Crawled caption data
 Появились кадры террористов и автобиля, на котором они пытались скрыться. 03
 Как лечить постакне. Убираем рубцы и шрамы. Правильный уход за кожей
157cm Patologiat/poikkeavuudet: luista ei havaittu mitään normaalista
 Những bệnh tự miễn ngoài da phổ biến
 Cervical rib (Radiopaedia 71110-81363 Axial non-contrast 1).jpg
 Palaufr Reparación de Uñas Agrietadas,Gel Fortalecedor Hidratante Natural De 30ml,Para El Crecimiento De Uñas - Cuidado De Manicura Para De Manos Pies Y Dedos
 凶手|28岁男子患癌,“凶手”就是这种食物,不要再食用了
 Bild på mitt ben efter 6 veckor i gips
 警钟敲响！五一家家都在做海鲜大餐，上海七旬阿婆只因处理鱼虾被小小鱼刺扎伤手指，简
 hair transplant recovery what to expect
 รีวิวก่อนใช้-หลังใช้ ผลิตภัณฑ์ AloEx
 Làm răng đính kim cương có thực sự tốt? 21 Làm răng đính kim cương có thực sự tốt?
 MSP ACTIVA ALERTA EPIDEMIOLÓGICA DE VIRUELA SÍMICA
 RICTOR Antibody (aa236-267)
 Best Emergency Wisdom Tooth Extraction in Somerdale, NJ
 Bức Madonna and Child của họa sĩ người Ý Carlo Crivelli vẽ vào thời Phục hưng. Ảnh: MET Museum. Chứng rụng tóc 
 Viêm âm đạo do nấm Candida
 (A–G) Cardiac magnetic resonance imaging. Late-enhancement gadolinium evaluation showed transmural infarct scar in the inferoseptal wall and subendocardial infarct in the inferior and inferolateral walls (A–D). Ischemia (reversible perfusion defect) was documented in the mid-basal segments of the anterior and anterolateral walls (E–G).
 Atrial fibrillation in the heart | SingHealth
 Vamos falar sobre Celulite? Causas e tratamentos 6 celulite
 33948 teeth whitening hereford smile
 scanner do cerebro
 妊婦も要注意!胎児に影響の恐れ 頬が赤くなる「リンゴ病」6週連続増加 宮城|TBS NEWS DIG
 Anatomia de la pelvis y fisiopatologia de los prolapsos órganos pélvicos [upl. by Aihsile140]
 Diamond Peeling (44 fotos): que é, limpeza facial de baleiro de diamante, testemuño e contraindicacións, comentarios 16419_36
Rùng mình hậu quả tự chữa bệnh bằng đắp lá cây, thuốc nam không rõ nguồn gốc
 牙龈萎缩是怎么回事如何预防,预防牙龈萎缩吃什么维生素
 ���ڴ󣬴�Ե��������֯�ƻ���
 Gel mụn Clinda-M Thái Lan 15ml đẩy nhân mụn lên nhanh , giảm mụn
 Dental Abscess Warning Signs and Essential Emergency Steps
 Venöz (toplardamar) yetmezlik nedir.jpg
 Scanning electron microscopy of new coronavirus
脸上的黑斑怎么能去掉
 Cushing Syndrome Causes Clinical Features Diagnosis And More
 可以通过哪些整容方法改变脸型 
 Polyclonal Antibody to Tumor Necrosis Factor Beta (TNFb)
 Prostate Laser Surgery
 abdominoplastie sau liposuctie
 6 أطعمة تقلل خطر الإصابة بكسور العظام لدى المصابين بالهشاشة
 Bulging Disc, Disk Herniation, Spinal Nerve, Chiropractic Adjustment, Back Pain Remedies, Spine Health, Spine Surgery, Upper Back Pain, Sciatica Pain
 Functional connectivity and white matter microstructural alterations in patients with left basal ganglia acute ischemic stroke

▶ [Task item] What you should output is every line of the records above, from the first through the line containing "Những bệnh tự miễn ngoài da phổ biến", unchanged.

▶ [Written reply]
 Появились кадры террористов и автобиля, на котором они пытались скрыться. 03
 Как лечить постакне. Убираем рубцы и шрамы. Правильный уход за кожей
157cm Patologiat/poikkeavuudet: luista ei havaittu mitään normaalista
 Những bệnh tự miễn ngoài da phổ biến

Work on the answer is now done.